Legal framework for Russia’s corporate actions reform approved
14 July 2015 | 1966 views | 0
Source: National Settlement Depository
The year 2014 saw the launch of the corporate actions reform in Russia which was initiated by the Russian central securities depository and backed by securities market participants.
In 2015, the legal framework for the reform was approved: on 29 June 2015, the President of the Russian Federation signed Federal Law No. 210-FZ “On Making Amendments to Certain Laws of the Russian Federation and Repeal of Some Provisions of Certain Laws of the Russian Federation”.
Federal Law No. 210-FZ makes amendments to the Federal Laws “On Joint-Stock Companies”, “On the Securities Market”, and “On the Central Securities Depository”, which reflect the key aspects of the corporate actions reform. In particular, the new statutory provisions:
* Change the approach to the drawing up of a list of security holders;
* Introduce a new procedure for exercising security holders’ rights in the course of corporate actions in a centralized manner through securities depositories or registrars;
* Authorize the central securities depository to determine electronic data interchange formats to be used for the purpose of exercising rights attached to securities;
* Introduce new methods of participation in general meetings of security holders, such as e-proxy voting through a securities depository, or e-voting on a web site; and
* Provide for the establishment of a corporate information center under the auspices of the Russian central securities depository.
The above changes will take effect on 1 July 2016.

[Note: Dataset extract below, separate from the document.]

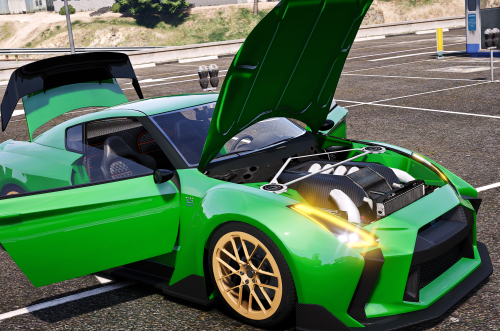 GTA5_2026-01-13_13-35-57_074 FiveM Mod GTA 5 Debadged Car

Changes Affecting Investors
The changes will contribute to greater protection of investors holding Russian local securities, as well as to the reduction of costs for participation in corporate actions. Before, there existed different approaches that were used for the processing of similar corporate actions in the Russian market, which resulted in extra costs and risks for investors. The new statutory provisions allow for the implementation of the international standards for corporate actions processing, including the use of ISO standards in formalized electronic data interchange. E-voting and e-proxy voting will allow security holders to remotely participate in corporate actions. In addition, thanks to the possibility for investors to exercise their rights attached to securities through a securities depository, investors will be able to receive a full range of securities services provided by the same organization, i.e., the securities depository. Thus, an investor will be able to exercise all of his rights attached to securities wherever the investor is located.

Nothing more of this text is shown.